There are surely more examples; your reluctance to name them
having more to do with a wish to avoid adding a laundry list element to these
proceedings. Skillful novelists such as
Swift can encapsulate a generation within a single paragraph, make you feel
you’ve met and understood the characters, imparted meaning and consequence to
them.
Such writers are also able to devote pages to a single
moment without causing you the slightest sense of having been held captive
longer than you wished, nor given you the slightest urge to begin skipping.
Your vision of a story, whether novel or the short form, has
most of it, at least sixty percent of it, taking place in the immediate
now. Thicker works achieve their bulk
from starting at a point where we are present, allowing us to follow one or
more characters, even sets and ensembles of them well into the future, with
little or no halting of activity to tell us what happened before the story
began.
In Paul Theroux’s latest, The Lower River, we’ve been artfully made aware that the
protagonist spent four years—the happiest years of his life—in Africa as a
volunteer for The Peace Corps. Within a
simple turn of phrase less than a hundred pages in, we are told that something
reminded Ellis Hook, the protagonist, of his time in Africa. We are suddenly “back there,” with Hook,
flashed back, if you will, to backstory, which surely has a direct connection
to what will happen in present time.
The storyteller has time management as a tool in the fiction
writer’s toolkit, extending, regressing, attenuating, compressing, taking us
from one time zone to the next as though we were some pampered guest in a theme
park, being given the A Ride under command performance conditions.
Such tropes as “That night…” or “Later that night…” or “Days
later” usher us through the darkened scenery of story without a flashlight,
seamless, comfortable, opening the door for even more grandiose time lapse
narrative as, “For the next several years…” and the intriguing, “He did not
begin to suspect…”
The passage of time is accomplished through the medium of
the expert management and passage of each sentence; the need for dramatic
information embedded in each one a part of the delicate surface tension of the
entire concept of drama. However simple
and straightforward a given sentence may seem, however innocent, “Here, let me
get that for you.” the connection to the
previous and forthcoming are fraught with the implications of the overall
effect, the slow, deliberate accretion of emotional consequence growing more exquisite.
There is a good deal of dramatic information in a story,
needing to be shoehorned into the equivalent of a half-size smaller shoe. Fitting this information in the right place
becomes a precarious task. One way to
address the task is through considerations of time. Ahead?

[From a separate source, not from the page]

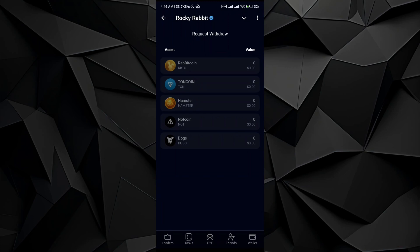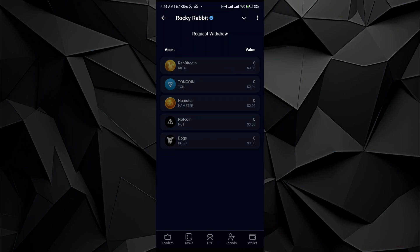All you have to do is tap on the withdrawal option. Here you will see the Rabbit Coin option. Just tap on it if you have the Rocket Rabbit tokens, and you will be directed to a page with an address and memo option. All you have to do is paste it in the wallet that you want to send it to.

In the past? At the present
moment?
The late, much lamented for his absence, Digby Wolfe once
told you an accomplished juggler could not hope to have more than eleven
objects aloft at any given moment.
Whether or not this was factual, you are haunted with visions of eleven
things out of hand, eleven objects and the consummate coordination necessary to
transfer them to the next stage of their flight. Sometimes, when you are in the midst of
composition, you see yourself in your juggler impersonation. A writer impersonating a juggler—what insanity
and japery. But if the process produces
a story, you will have at least had a hand in it.